--- What is being asked ---
Quote verbatim the span of lines that begins the listing below and closes with the line containing "CAPTIVE CITY by".

--- Exercise input ---
BEGIN

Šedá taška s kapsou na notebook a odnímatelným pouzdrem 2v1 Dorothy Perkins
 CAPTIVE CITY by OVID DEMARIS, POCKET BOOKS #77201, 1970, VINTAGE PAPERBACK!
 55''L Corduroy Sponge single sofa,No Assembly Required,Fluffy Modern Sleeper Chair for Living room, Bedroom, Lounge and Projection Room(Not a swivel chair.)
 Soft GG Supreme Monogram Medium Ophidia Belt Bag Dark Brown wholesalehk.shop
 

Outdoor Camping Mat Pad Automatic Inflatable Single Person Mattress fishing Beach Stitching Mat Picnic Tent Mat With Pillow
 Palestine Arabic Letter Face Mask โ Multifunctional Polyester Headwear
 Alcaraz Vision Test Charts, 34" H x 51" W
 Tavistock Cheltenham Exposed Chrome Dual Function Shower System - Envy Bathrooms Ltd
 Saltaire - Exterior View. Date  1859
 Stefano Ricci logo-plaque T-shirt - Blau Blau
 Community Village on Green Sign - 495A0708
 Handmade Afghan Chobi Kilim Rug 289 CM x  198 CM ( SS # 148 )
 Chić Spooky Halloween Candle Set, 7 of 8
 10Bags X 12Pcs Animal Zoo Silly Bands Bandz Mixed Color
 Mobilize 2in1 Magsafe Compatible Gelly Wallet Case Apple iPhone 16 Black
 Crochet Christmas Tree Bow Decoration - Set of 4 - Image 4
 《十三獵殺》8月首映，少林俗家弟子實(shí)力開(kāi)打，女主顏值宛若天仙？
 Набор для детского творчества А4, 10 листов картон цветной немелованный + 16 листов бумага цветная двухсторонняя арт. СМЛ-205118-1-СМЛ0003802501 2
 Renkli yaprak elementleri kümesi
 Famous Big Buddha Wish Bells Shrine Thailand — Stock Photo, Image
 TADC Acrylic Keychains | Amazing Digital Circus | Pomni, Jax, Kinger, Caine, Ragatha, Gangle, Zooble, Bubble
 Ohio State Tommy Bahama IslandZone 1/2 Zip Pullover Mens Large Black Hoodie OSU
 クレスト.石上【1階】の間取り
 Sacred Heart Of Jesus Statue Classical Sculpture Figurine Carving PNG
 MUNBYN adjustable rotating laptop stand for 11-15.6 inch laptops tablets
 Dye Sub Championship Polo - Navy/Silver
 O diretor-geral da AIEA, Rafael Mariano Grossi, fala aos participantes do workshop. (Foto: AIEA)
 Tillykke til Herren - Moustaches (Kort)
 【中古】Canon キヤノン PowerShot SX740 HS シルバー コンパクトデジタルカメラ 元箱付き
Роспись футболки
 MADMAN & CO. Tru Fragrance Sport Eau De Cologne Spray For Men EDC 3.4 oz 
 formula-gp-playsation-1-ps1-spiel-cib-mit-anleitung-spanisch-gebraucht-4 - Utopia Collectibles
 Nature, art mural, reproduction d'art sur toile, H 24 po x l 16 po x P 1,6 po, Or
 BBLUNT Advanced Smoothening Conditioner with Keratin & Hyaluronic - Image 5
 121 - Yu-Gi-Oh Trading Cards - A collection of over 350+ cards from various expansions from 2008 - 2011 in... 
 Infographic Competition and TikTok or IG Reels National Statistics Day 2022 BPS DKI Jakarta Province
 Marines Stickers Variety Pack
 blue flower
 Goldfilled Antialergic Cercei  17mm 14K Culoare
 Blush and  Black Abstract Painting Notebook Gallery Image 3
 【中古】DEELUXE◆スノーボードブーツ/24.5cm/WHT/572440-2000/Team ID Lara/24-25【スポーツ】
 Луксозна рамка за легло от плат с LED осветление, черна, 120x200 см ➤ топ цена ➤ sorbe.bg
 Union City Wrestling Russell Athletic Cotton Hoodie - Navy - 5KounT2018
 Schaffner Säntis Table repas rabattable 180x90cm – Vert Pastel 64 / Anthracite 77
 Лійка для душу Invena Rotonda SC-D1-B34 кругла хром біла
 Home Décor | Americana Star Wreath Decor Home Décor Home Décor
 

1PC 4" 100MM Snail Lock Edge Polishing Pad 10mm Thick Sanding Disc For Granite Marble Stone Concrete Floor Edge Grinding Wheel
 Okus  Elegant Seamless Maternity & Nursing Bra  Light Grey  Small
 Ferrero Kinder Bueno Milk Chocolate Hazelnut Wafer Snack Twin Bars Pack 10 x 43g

END

--- Exercise response ---
Šedá taška s kapsou na notebook a odnímatelným pouzdrem 2v1 Dorothy Perkins
 CAPTIVE CITY by OVID DEMARIS, POCKET BOOKS #77201, 1970, VINTAGE PAPERBACK!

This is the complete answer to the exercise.